# Favorite Brand Poll



## ju1c3r (May 14, 2004)

We all agree that a certain brand (usually) has a distinct flavor profile and characteristic.
What is your favorite brand?

I would say Partagas... love that spice....
Second: cohiba... but too expensive.


----------



## Fredster (Jan 26, 2004)

Boli is #1 for me. Partagas is a close second.


----------



## dayplanner (Dec 11, 1997)

Fredster said:


> Boli is #1 for me. Partagas is a close second.


What he said. (Maybe we should start doing some box splits!)


----------



## Wetterhorn (Apr 1, 2004)

I would say that the cigars on the list are all good choices, but I would go with Partagas!

:w


----------



## MocoBird (Sep 2, 2004)

1) Partagas 
2) Bolivar
:w :w


----------



## jeffz (Sep 1, 2004)

Boli is #1 for me


----------



## partagaspete (Apr 27, 2004)

No suprise here! Partagas all the way. Though I do like Boli's very much. Partagas just seems more consistant. And the Flavor.


----------



## WillyGT (Sep 13, 2004)

1) Montys for me
2) Partagas
3) Bolivar or H.Upmann


----------



## zemekone (Aug 1, 2004)

Partagas for sure...


----------



## cookieboy364 (Jan 25, 2005)

diffrent strokes for different folks! Partagas will always be favorite around here though.


----------



## IHT (Dec 27, 2003)

well, i was a little surprised that HdM wasn't on the poll and H. Up was? 
coppertop had an H. Up last night, and was very unimpressed (again), and i concur, i have yet to have more than just 1 good H. Upmann.

so, who did i vote for?

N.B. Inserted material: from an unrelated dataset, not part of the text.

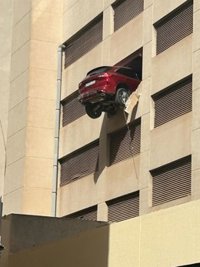 Un coche queda suspendido en la tercera planta de un edificio de aparcamientos de Ibiza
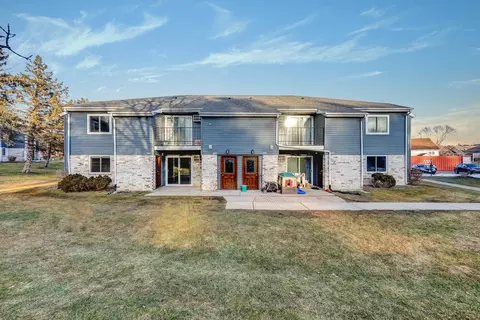 1705 Whispering Pines Way, Fitchburg, WI 53713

OTHER.

tastes change, and although i'm like most of you guys, i love partagas. now, my favorites would be:
1. HdM
2. VR
3. slr/partagas/monty in a tie.

so, 3 of my top 3 are not in this poll.


----------



## singlguy9 (Dec 9, 2004)

I voted for Partagas...........I've really enjoyed the SD3's and 4's and the Lusitania is one of my all time favs (when I have the time to smoke one of those biggies).

I've never had a really bad Partagas......I guess it gets my vote for the overall consistency I've experienced.

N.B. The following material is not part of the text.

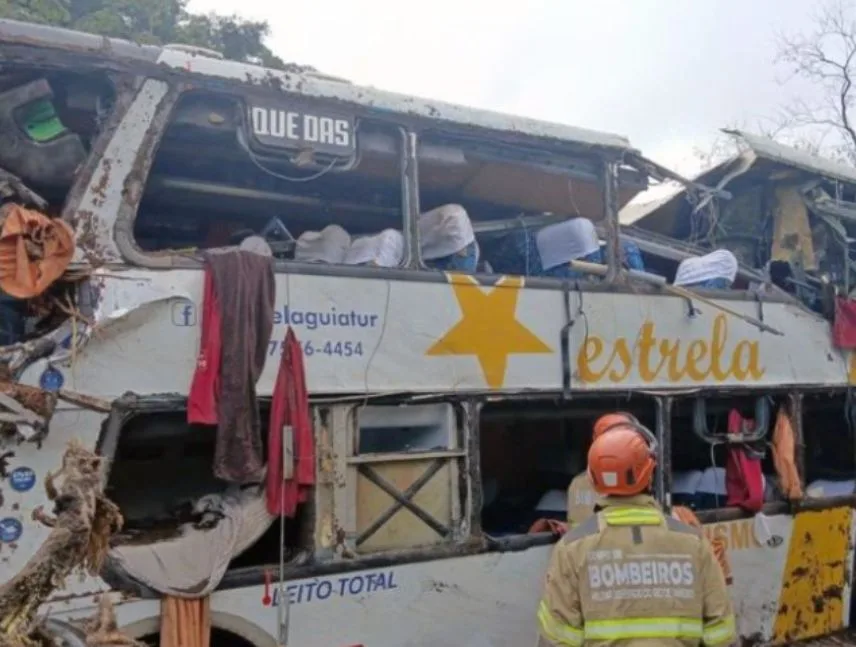 Autobús llenó de turistas sufrió aparatoso accidente en Brasil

My other fav's (when they're "ON") are H Upmann Mag 46, JL #2 and Monte #2, 4.............but I've some some of each that weren't that great.


----------



## IHT (Dec 27, 2003)

singlguy9 said:


> I voted for Partagas...........I've really enjoyed the SD3's and 4's and the Lusitania is one of my all time favs (when I have the time to smoke one of those biggies).
> 
> I've never had a really bad Partagas......I guess it gets my vote for the overall consistency I've experienced.
> 
> My other fav's (when they're "ON") are H Upmann Mag 46, JL #2 and Monte #2, 4.............but I've some some of each that weren't that great.


man, i forgot JL!!

that's at least 4 brands that i'd choose over a bunch from the list.. ah well, doesnt matter, only wanted the favorite, not in order.
i shall "zip it".


----------



## Bruce5 (Jul 27, 2003)

I'm not saying.
.


----------



## GOAT LOCKER (Aug 7, 2004)

Probably Monte and Partagas, but I really can't say I've smoked enough to say. Have not even tried a Trini yet. Only a few Boli, Cohiba and Punch.


----------



## ju1c3r (May 14, 2004)

IHT said:


> well, i was a little surprised that HdM wasn't on the poll and H. Up was?


D'OH!!!! 
(me with a stupid look on face)


----------



## LastClick (Jan 2, 2005)

I'm going to open up a 5th and drink my rights :al


----------



## ju1c3r (May 14, 2004)

The administrators are awesome! Two minutes later, they added another option to the poll... HDM is now available


----------



## magno (Nov 8, 2004)

With one CG and a PC you turned me into something of a Bolivar addict, Fredster. It's my current favourite, as well. I've been awfully impressed with the Trinidads I just received, but the Bolivar is such a unique tasting cigar that it wins my vote for favourite Cuban....for now.



Fredster said:


> Boli is #1 for me. Partagas is a close second.


----------



## singlguy9 (Dec 9, 2004)

magno said:


> With one CG and a PC you turned me into something of a Bolivar addict, Fredster. It's my current favourite, as well. I've been awfully impressed with the Trinidads I just received, but the Bolivar is such a unique tasting cigar that it wins my vote for favourite Cuban....for now.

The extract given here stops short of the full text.